Ma rencontre avec Séguin

Le bar se nomme le Tambour. Au coin de la rue de la Jussienne et de la rue Montmartre. Dans le second arrondissement parisien. Je n'y avais jamais mis les pieds ou peut-être une fois avec une femme qui habitait à deux numéros de là.

Pourquoi afficher un tel snobisme ? Sans doute parce que je n'aime pas aller, seul, dans les endroits convenus. Ou à la mode. Aussi entrer une seconde fois me semblait un peu étrange, presque farfelu. Mais j'avais une raison : une réunion de quartier avec les organisateurs de la campagne de Philippe Séguin sur le 2ème arrondissement méritait en effet que je m'enfonçasse une seconde fois dans ce bar toujours bondé de joyeux touristes, de pochards méditatifs et de personnages médiatico-célèbre (il y avait Bourges -l'ex patron du CSA- ce soir là palabrant, entre deux piliers de bar scotchés à leur bière, avec quelqu'un de sa connaissance).

Séguin arriva ou plutôt apparut d'un pas nonchalant un doigt de scotch immédiatement à la main, disant bonjour à tout le monde d'une manière étrange, à la fois évasive et retenue, presque pudique et en tous cas légèrement en différé, mais refusant de s'asseoir là où on lui proposait pour aller plutôt discuter avec une charmante jeune femme candidate et un médecin adepte sportif qui fit beaucoup rire Séguin en prononçant quelques cygles que seul un adepte de la chose peut capter.

L'impression qu'il me fit était alambiquée d'emblée tant sa façon de voir sans regarder pouvait être désarçonnante. Mais ensuite lorsque je le vis aller d'abord plutôt là où il se sentait séduit, je me dis qu'un tel homme ne pouvait pas être seulement cette mécanique à serrer, en premier,les mains puissantes, alors que l'on a si souvent coutume de rencontrer ce genre de zozo dans ces contrées de la politique, surtout en période de chasse électorale.

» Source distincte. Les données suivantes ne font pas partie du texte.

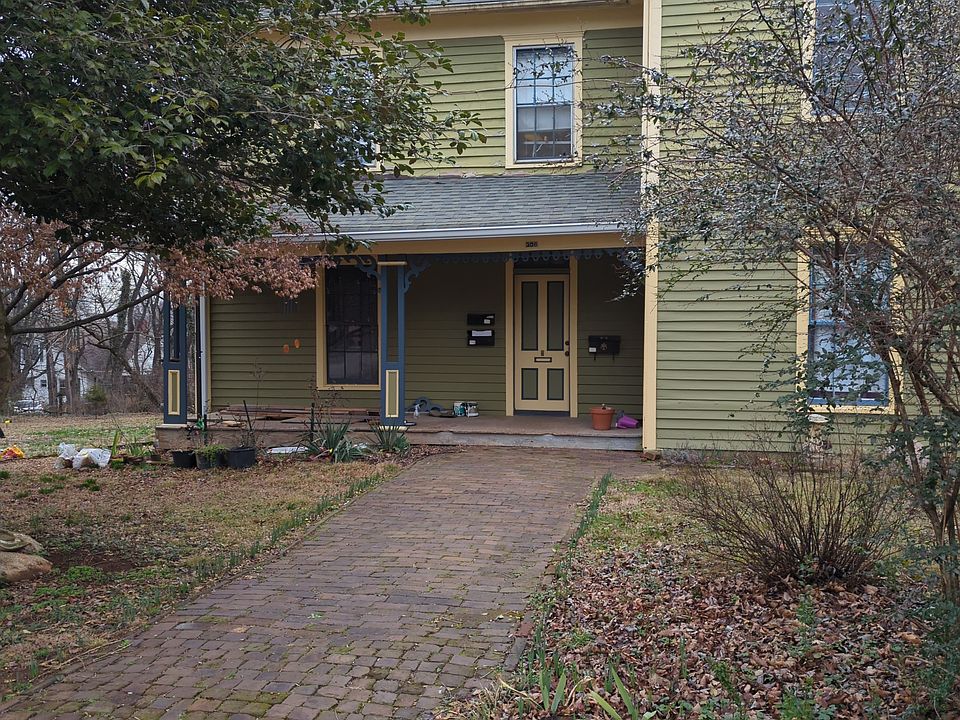 1st image of 306 Cunningham St #1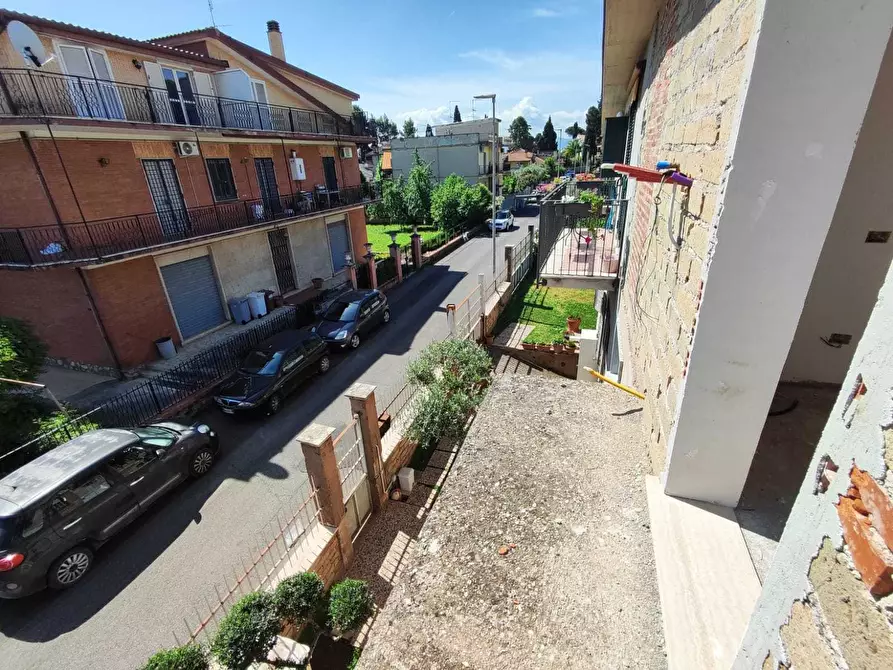 Immagine 1 di Quadrilocale in vendita  in via gerolamo ramorino 23 a Guidonia Montecelio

Il fallait faire quelque chose. Je me résolus à adopter le plan B puisque la première présentation n'avait strictement rien donné sinon un mouvement de paupière gauche et une secousse brève entre nos deux mains droites. Je me mis a lui parler du lycée Carnot, de Tunis, qu'un ami m'avait tant vanté. Le miracle se produisit : Séguin fixa son attention et je sentis une sorte de regard me scanner pendant qu'un sourire m'ouvrait enfin son visage.